The Brooks steamer was likely the last automobile to gently chuff and hiss along Toronto streets, leaving nothing in its wake but a white vapour trail and the splash of water droplets.Ian Taylor

The Brooks steamer was likely the last automobile to gently chuff and hiss along Toronto streets, leaving nothing in its wake but a white vapour trail and the splash of water droplets.

That vehicle was reportedly driven by local resident Jim Lamb in the 1960s and manufactured not far away in Stratford.
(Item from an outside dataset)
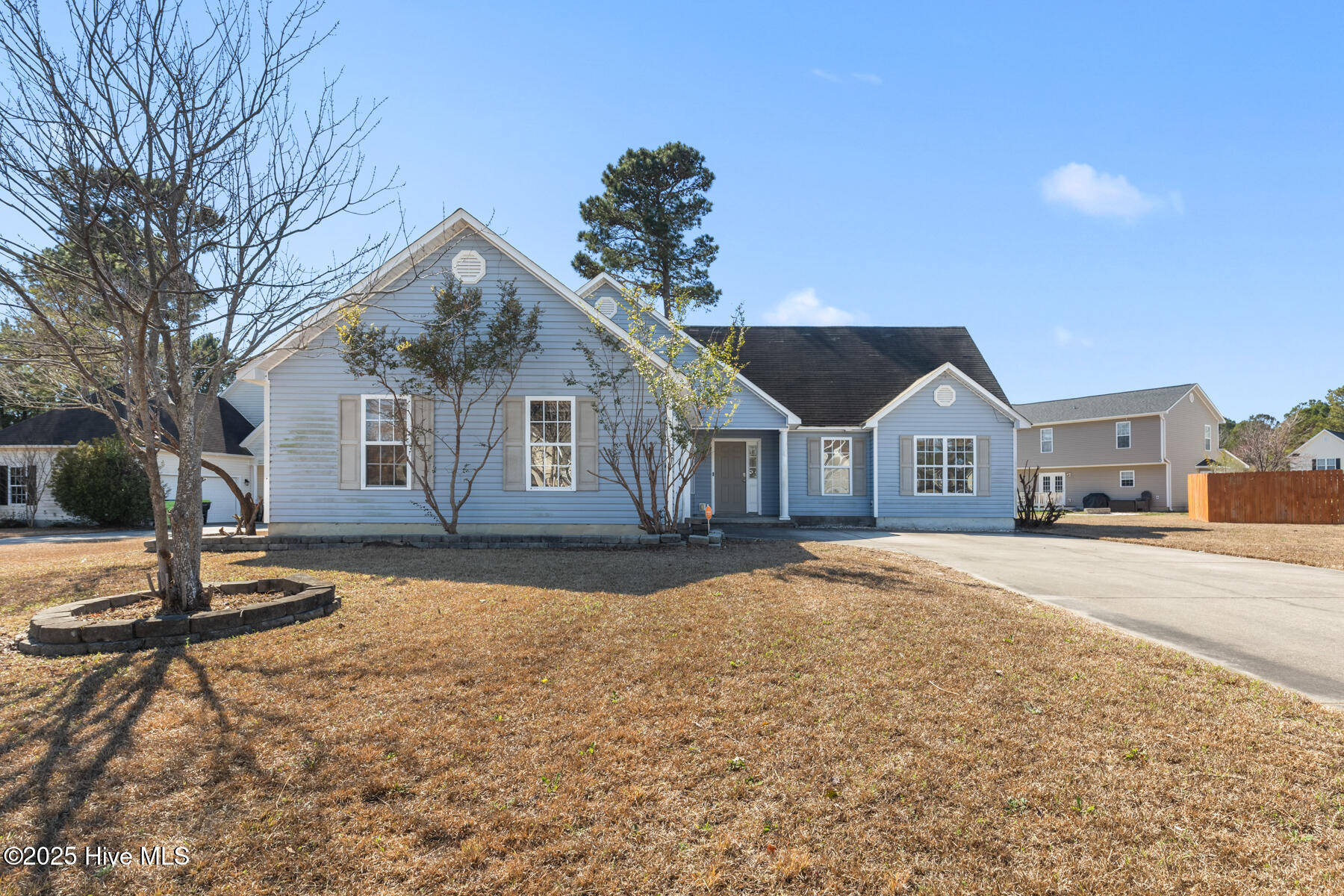 122 Whiteleaf Drive Property Photo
But the cars would have been a common sight in the 1920s though, when a fleet of Brooks steam taxis were operated in the city.

A Brooks believed to be Lamb's resides in the Canadian Automotive Museum in Oshawa, Ont., but the one pictured is part of the collection of the Perth-Stratford Museum, located not far from where the car was built in a one-time farm machinery factory for a brief period in the mid-1920s.

How it got there is a story of misplaced enthusiasm (or perhaps an early example of Canadians' penchant for being talked into unlikely car manufacturing schemes) followed almost a century later by some of the well-placed variety exhibited by members of the Perth County Historical Foundation.

The history of steam cars in Canada stretches back to Henry Seth Taylor's pioneering steam-powered carriage created in Quebec in 1867 – actually the first motor vehicle of any kind constructed in Canada – but the initial superheated enthusiasm for steam rapidly cooled as most inventors turned their minds to the potential of electricity and internal fires generated by gasoline.

But steam had its adherents, among them J.B. Kelly of Blythe, Ont., who built a steam buggy in 1884, the National Cycle and Automobile Co. Hamilton, which built an American Locomobile-based model in 1902, William Gray, who put one together in 1905 as an automotive amuse-bouche before getting on with his Gray-Dort main course, and the owners of Davis Dry Dock Co. of Kingston, which built a couple.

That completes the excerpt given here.